S3 also offers classes of storage that get cheaper with less readability needs. Data can be moved from S3 Standard which is high availability to S3 infrequent access which is cheaper but also has slightly slower read/writes. Very old data can then be moved to S3 Glacier which is the cheapest of the classes but also is very slow on access and restore. Processes can be defined around your data rules to maximize your storage vs. cost. We will walk through that process in a later post as well. For now, we will work in S3 Standard since the cost is already low.
So, let’s get into it. Here are the steps required to automate data from a local folder to you first S3 bucket!
- You will need to create your first S3 bucket in the AWS console. For more details, please see the AWS documentation. We will call this bucket “DataDump002”. No need for anything fancy just yet.
- The next step will be setting up the right access to the bucket from a newly created IAM user. For this, navigate to IAM in AWS and create a new user. I called mine “AutoUploader”, put it in a group called “AutoUploaderGroup” and set its permission to “AmazonS3FullAccess”
- Be sure to copy the ARN as well as the Key and Secret Key.
- From here, navigate back to your S3 Bucket and click on your bucket to get to the details and click on Bucket Policy. This is where you will define the JSON string that grants the correct permissions for read write. This step is a bit tricky as the Policy Generator in the IAM tool can create some odd rules and cause some errors if the bucket is empty vs. a dummy file being in place. Please see my JSON below for a working sample. Replace what is in BOLD for the ARN for your IAM user and the bucket. If you get errors saving this rule, remove all items from the Action section except the Get and Put, and add them back in once you have data in the bucket at a later time.
- JSON Policy for Bucket
{
“Version”: “2012-10-17”,
“Id”: “Policy1537137960662”,
“Statement”: [
{
“Sid”: “Stmt1537137433831”,
“Effect”: “Allow”,
“Principal”: {
“AWS”: “arn:aws:iam::123456789:user/AutoUploader“
},
“Action”: [
“s3:Get*”,
“s3:Put*”,
“s3:List*”,
“s3:ListBucket”,
“s3:ListBucketVersions”
],
“Resource”: “arn:aws:s3:::dailydatadump02“
}
]
}
- That should be it for the set-up portion on AWS. For the next section you will need to download and install AWS Command Line Interface which can be found using a Google Search. Once installed, you will need to restart your machine.
- Once restarted, run the command “AWS Config”.
- You will be promoted for your key and secret key from Step 2.
- Enter the region your AWS was set up in. The S3 buckets do not require a region. Mine was set to us-east-1.
- Set output to “text”
- For this example I created a local folder on my C drive and dropped 3 big data files I downloaded with data surrouding the world happiness index which is free to download from https://www.kaggle.com/
- From here all you need to know is the following two commands.
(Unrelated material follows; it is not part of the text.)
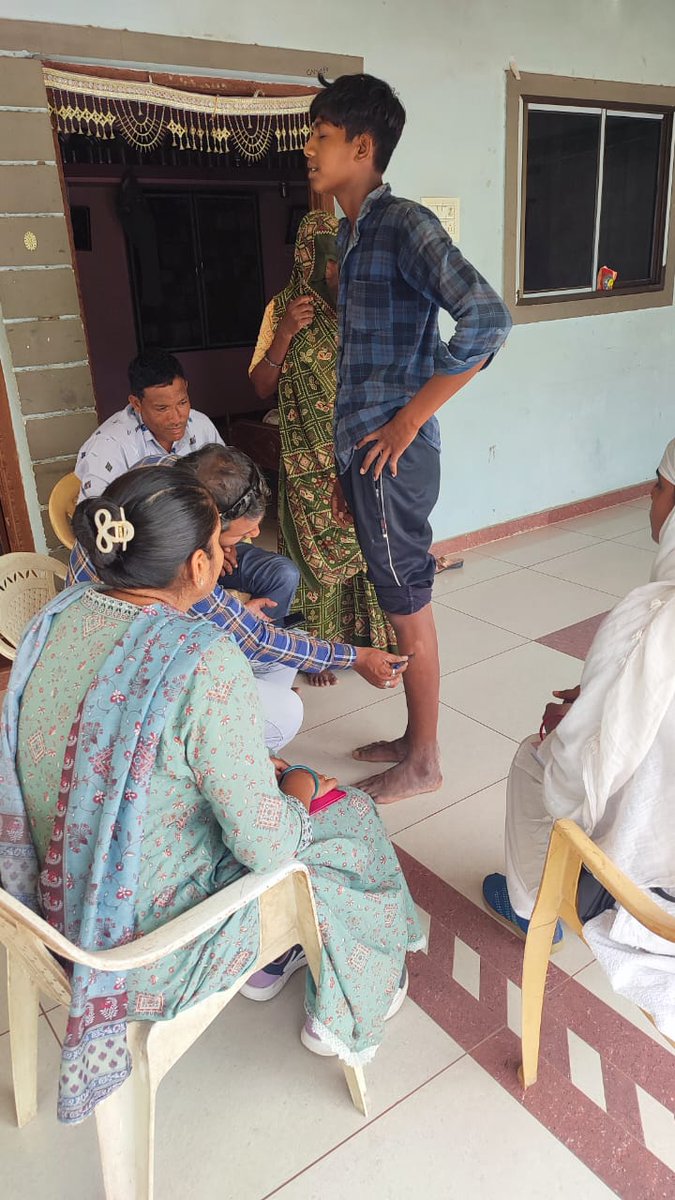 arvalli_dto's tweet photo. રાષ્ટ્રીય રક્તપિત્ત નિર્મૂલન કાર્યક્રમ અંતર્ગત રક્તપિત્ત દર્દી શોધ અભિયાન (LCDC) હેઠળ ગ્રામ્ય સ્તરે પોસ્ટર પ્રદર્શન અને ફોકલ ગ્રુપ ડિસ્કશનમાં આરોગ્ય ટીમ દ્વારા ગ્રામજનોને રક્તપિત્તના લક્ષણો, વહેલી ઓળખ, સમયસર નિદાન અને સંપૂર્ણ સારવાર અ���ગે જાગૃત કરવામાં આવ્યા.
#LCDC
@CollectorArv https://t.co/9ZfbacbOkk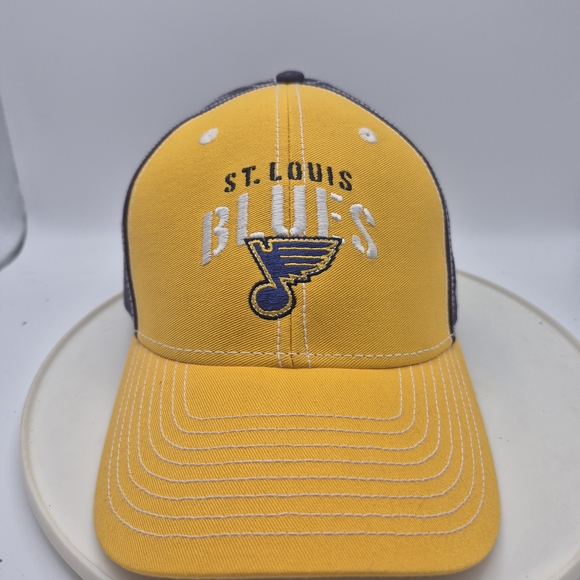 Reebok Yellow and Blue St. Louis Blues Hat - Picture 1 of 8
- aws s3 sync . s3://dailydatadump to sync files from your local folder to your bucket
- aws s3 sync s3://dailydatadump . to sync files from your S3 bucket back to your local folder
- The sync command works a lot like the XCOPY command in regular BAT file command prompt. Files that exist and are unchanged will be skipped and save you the processing time.
- That’s it! A few small tweaks and this can now be set as BAT file and scheduled to run every few minutes to keep data files flowing to your S3 bucket for all your future data analysis needs!